= Koren Grieveson =

American chef (born 1971)

Koren Grieveson (born 1971) is an American chef who has worked at restaurants in several major metropolitan areas of the US. She has appeared on several cooking television shows.

==Early life, family and education==
Koren Grieveson was born in Luanda, Angola. Her father was in the poultry industry, so the family moved to several countries including Iran, Brazil, Zimbabwe, and eventually the US, settling in Glastonbury, Connecticut.

She graduated from The Culinary Institute of America (CIA) in 1996.

==Career==
Grieveson served in the US Army for eight years. After her discharge, she catered for rock bands in New York, at Lollapalooza, and for bands on tour. She worked at various restaurants around the US before becoming executive chef at Resto in New York City. Grieveson has worked in Chicago at Blackbird and Avec and New York restaurants.

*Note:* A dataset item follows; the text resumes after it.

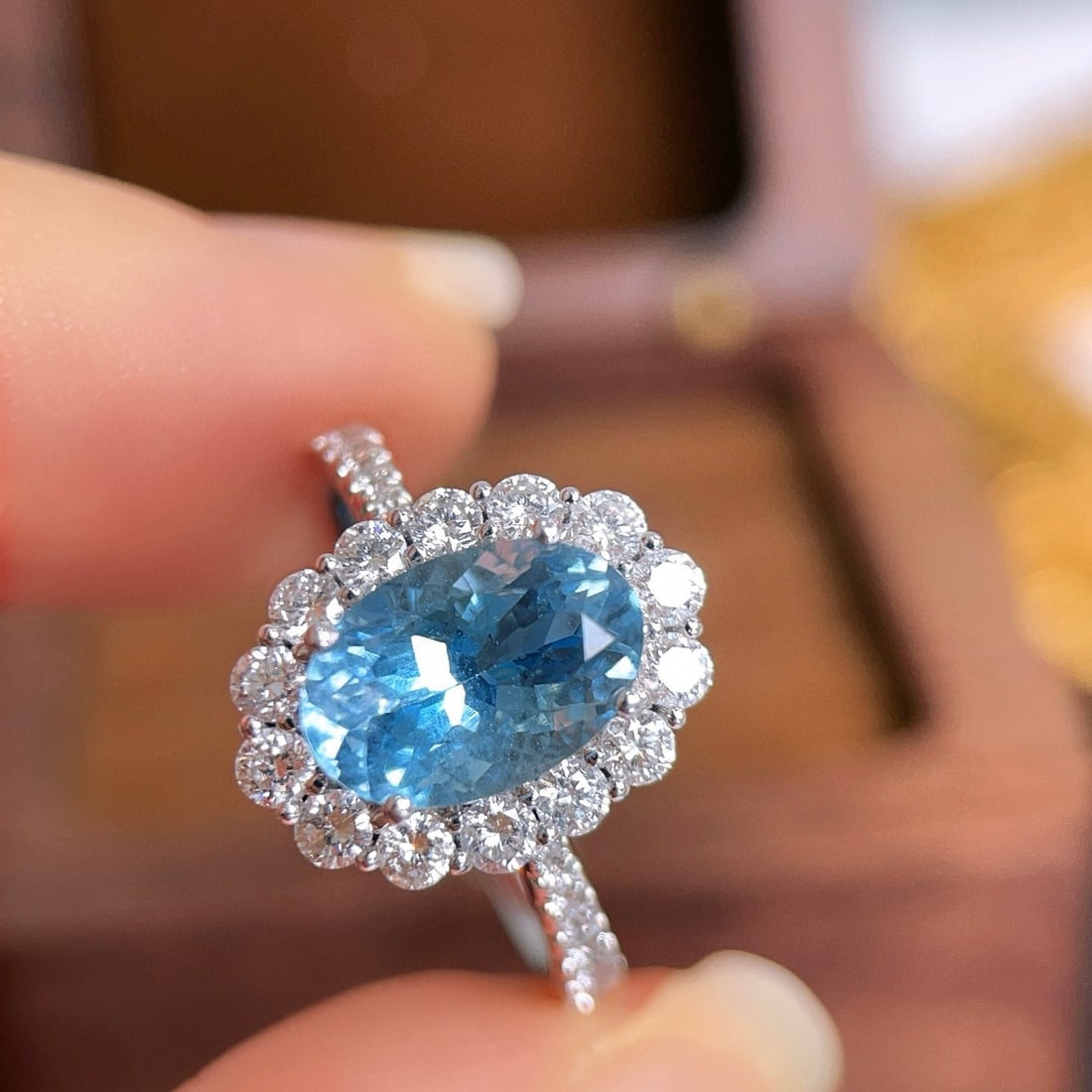 14k Gold 2.75 Ctw Natural Aquamarine & Diamond Ring - 3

She appeared on Top Chef (season 4, judge) and Iron Chef America (season 7, contestant).

==Awards and honors==
- James Beard Foundation Award 2010 Best Chef Great Lakes for her work at Avec in Chicago
- Food & Wine named her a Best New Chef in 2008

==Personal life==
She was engaged to celebrity chef Anne Burrell, also a 1996 graduate of CIA. They were engaged in 2012 in Vieques, Puerto Rico but kept it secret even though their relationship was not, until Burrell publicly announced their engagement on December 31, 2012. The couple never married and eventually split.